Woodburn (1982) argues that explicit and unambigious egalitarianism is the principal mode of organisation only in societies employing an immediate-return system. What's the meaning of this term and how does it constrast with a ‘delayed-return’ system.

The Immediate-return system

In this system ‘people obtain a direct and immediate return from their labour. They go out hunting or gathering and eat the food obtained the same day or casually over the days that follow. Food is neither elaborately processed nor stored’ (Woodburn, 1982). Tools and weapons are easy to make and to acquire.

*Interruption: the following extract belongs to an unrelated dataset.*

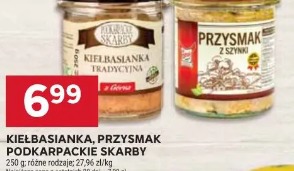 Kiełbasianka, przysmak podkarpackie skarby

This system provides the infrastructure – the structural conditions of existence – for a specific mode of social organisation, where (i) social groupings are flexible and changing in composition, (ii) individuals have a choice about whom they associate with in a wide range of activities, (iii) people are not dependent on specific people for access to essential resources and (iii) social relationships emphasize mutuality and not long term patterns of dependency.

The Delayed-return system

In this system ‘people hold rights over valued assets of some sort, which either present a yield, a return for labour applied over time or, if not, are held and managed in a way which resembles and has similar social implications to delayed yields on labour’ (Woodburn, 1982). These assets are (i) tools and the means of production, (ii) stored food, (iii) ‘managed’ wild foods and resources and (iv) rights to bestow female kin in marriage to other men.

This system necessarily generates social relationships that depend on (i) clearly defined and ordered social relationships through which goods and services can be transmitted and (ii) binding commitments and dependencies between people.